← Back to context

Comment by zozbot234

3 days ago

btrfs RAID is quite infamous for eating your data. Has it been fixed recently?

To be fair, your statement could be edited as follows to increase its accuracy:

> btrfs is quite infamous for eating your data.

This is the reason for the slogan on the bcachefs website:

"The COW filesystem for Linux that won't eat your data".

https://bcachefs.org/

After over a decade of in-kernel development, Btrfs still can't either give an accurate answer to `df -h`, or repair a damaged volume.

Because it can't tell a program how much space is free, it's trivially easy to fill a volume. In my personal experience, writing to a full volume corrupts it irretrievably 100% of the time, and then it cannot be repaired.

IMHO this is entirely unacceptable in an allegedly enterprise-ready filesystem.
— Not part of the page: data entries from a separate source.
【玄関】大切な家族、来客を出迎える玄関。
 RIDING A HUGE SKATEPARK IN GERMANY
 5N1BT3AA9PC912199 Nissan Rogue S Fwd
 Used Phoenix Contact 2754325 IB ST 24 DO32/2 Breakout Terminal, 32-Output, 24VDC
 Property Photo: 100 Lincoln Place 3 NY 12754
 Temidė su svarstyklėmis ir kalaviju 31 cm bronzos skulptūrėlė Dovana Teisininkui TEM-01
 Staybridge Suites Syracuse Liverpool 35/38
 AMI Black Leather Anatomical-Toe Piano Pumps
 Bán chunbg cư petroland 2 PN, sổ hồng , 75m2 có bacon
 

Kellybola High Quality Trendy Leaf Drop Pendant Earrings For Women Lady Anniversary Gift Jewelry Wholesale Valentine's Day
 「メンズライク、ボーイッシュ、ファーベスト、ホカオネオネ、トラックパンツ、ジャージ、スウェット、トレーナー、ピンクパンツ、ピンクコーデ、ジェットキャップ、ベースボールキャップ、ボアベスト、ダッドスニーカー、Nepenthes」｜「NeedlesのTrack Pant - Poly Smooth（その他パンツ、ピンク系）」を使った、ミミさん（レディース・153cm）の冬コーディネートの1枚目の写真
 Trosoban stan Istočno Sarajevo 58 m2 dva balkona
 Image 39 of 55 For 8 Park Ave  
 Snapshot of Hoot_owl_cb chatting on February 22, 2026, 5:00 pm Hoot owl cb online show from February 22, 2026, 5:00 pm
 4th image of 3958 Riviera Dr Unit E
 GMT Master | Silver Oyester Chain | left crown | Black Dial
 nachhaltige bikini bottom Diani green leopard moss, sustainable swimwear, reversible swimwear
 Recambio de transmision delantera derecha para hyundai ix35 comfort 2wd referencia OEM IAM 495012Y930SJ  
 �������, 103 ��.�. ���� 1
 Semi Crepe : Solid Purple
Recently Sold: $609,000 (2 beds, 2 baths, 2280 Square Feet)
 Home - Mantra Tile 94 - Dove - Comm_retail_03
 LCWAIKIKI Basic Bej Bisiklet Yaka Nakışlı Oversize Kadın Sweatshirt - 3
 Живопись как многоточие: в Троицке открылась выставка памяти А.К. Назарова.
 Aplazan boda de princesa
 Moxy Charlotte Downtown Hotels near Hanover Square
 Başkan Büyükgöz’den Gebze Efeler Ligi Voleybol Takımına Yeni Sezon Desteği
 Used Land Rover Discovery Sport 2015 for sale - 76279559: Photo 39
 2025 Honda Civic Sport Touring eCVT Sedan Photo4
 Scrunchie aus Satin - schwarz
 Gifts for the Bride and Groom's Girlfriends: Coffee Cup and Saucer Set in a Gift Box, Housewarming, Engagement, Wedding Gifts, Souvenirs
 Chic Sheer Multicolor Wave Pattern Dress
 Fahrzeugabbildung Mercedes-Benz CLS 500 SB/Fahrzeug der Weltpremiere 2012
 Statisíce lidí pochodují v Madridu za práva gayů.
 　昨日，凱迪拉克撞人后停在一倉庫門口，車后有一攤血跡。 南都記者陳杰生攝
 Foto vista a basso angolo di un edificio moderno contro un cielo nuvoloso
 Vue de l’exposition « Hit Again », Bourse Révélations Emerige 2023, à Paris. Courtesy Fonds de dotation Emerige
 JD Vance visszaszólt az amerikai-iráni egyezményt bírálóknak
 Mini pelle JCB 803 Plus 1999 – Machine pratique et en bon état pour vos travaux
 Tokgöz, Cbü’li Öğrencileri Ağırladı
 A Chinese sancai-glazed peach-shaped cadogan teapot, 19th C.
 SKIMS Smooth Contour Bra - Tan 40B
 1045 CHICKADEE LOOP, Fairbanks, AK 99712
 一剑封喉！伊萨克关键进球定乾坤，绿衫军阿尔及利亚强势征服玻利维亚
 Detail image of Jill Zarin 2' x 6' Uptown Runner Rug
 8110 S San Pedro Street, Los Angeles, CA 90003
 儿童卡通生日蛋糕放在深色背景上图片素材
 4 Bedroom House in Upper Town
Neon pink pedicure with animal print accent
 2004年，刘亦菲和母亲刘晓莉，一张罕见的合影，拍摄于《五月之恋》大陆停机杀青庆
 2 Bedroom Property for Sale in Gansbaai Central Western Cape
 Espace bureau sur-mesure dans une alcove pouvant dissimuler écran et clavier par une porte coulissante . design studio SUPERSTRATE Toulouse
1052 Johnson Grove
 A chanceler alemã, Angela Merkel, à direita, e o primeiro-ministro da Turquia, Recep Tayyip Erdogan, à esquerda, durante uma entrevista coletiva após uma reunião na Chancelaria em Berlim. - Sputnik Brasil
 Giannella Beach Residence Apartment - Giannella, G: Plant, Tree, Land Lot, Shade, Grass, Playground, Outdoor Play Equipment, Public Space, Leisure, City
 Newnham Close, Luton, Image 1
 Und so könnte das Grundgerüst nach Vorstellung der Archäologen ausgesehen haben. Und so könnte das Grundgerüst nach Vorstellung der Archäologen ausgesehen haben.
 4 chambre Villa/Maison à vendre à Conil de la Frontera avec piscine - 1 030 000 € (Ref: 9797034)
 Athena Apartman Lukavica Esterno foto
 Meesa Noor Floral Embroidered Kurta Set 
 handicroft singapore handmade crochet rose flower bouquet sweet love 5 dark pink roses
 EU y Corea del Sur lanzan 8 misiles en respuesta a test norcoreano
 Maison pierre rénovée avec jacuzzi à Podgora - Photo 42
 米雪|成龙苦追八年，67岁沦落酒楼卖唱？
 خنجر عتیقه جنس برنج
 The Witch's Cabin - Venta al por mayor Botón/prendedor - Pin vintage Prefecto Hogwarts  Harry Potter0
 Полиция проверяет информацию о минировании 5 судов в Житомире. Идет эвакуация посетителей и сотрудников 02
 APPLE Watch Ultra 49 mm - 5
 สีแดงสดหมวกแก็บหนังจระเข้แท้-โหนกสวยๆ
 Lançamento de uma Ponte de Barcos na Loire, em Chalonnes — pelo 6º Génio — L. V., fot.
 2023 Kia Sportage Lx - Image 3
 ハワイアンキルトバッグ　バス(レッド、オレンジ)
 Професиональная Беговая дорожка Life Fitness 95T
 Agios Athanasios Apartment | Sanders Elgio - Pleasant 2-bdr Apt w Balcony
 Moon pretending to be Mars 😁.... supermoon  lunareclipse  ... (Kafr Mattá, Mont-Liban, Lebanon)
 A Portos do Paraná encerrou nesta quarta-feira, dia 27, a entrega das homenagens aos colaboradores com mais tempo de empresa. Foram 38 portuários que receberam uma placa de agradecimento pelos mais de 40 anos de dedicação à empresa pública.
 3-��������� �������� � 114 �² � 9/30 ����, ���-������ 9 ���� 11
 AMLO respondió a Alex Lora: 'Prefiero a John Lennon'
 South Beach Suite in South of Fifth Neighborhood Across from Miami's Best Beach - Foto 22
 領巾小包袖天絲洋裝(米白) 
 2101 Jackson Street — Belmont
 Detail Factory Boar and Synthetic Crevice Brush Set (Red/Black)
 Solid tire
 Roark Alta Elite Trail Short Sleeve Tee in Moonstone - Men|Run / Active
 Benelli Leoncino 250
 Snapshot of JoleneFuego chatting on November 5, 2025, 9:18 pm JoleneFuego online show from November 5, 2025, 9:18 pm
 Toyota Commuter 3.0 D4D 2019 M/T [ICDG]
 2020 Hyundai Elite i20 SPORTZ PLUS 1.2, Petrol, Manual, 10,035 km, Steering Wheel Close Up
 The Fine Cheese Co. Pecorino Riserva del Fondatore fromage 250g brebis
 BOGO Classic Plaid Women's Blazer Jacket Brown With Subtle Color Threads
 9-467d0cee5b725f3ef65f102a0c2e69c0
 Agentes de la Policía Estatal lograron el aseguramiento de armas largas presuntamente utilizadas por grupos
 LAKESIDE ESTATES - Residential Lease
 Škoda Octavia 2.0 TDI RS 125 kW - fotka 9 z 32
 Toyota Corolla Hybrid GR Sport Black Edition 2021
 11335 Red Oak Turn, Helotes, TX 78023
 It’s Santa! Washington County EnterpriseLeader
The fact that its RAID is even more unstable merely seals the deal.

  • > Btrfs still can't either give an accurate answer to `df -h`, or repair a damaged volume.

    > In my personal experience, writing to a full volume corrupts it irretrievably 100% of the time, and then it cannot be repaired.

    While I get the frustration, I think you could have probably resolved both of them by reading the manual. Btrfs separates metadata & regular data, meaning if you create a lot of small files your filesystem may be 'full' while still having data available; `btrfs f df -h <path>` would give you the break down. Since everything is journaled & CoW it will disallow most actions to prevent actual damage. If you run into this you can recover by adding an additional disk for metadata (can just be a loopback image), rebalancing, and then taking steps to resolve the root cause, finally removing the additional disk.

    May seem daunting but it's actually only about 6 commands.

    • Hi. My screen name is my real name, and my experience with Btrfs stems from the fact that I worked for SUSE for 4 years in the technical documentation department.

      What that means is I wrote the manual.

      Now, disclaimer, not that manual: I did not work on filesystems or Btrfs, not at all. (I worked on SUSE's now-axed-because-of-Rancher container distro CaaSP, and on SLE's support for persistent memory, and lots of other stuff that I've now forgotten because it was 4 whole years and it was very nearly 4 years ago.)

      I am however one of the many people who have contributed to SUSE's excellent documentation, and while I didn't write the stuff about filesystems, it is an error to assume that I don't know anything about this. I really do. I had meetings with senior SUSE people where I attempted to discuss the critical weaknesses of Btrfs, and my points were pooh-poohed.

      Some of them still stalk me on social media and regularly attack me, my skills, my knowledge, and my reputation. I block them where I can. Part of the price of being online and using one's real name. I get big famous people shouting that I am wrong sometimes. It happens. Rare indeed is the person who can refute me and falsify my claims. (Hell, rare enough is the person who knows the difference between "rebut" and "refute".)

      So, no, while I accept that there may be workarounds that a smart human may be able to do, I strongly suspect that these things are accessible to software, to tools such as Zypper and Snapper.

      In my repeated direct personal experience, using openSUSE Leap and openSUSE Tumbleweed, routine software upgrades can fill up the root filesystem. I presume this is because the packaging tools can't get accurate values for free space, probably because Btrfs can't accurately account for space used or about to be used by snapshots, and a corrupt Btrfs root filesystem can't be turned back into a valid consistent one using the automated tools provided.

      Which is why both SUSE's and Btrfs's own docs say "do not use the repair tools unless you are instructed to by an expert."

      2 replies →

No. RAID 5/6 is still fundamentally broken and probably won't get fixed

  • This is incorrect, quoting Linux 6.7 release (Jan 2024):

    "This release introduces the [Btrfs] RAID stripe tree, a new tree for logical file extent mapping where the physical mapping may not match on multiple devices. This is now used in zoned mode to implement RAID0/RAID1* profiles, but can be used in non-zoned mode as well. The support for RAID56 is in development and will eventually fix the problems with the current implementation."

    I've not kept with more recent releases but there has been progress on the issue

I believe RAID5/6 is still experimental (although I believe the main issues were worked out in early 2024), I've seen reports of large arrays being stable since then. It's still recommended to run metadata in raid1/raid1c3.

RAID0/1/10 has been stable for a while.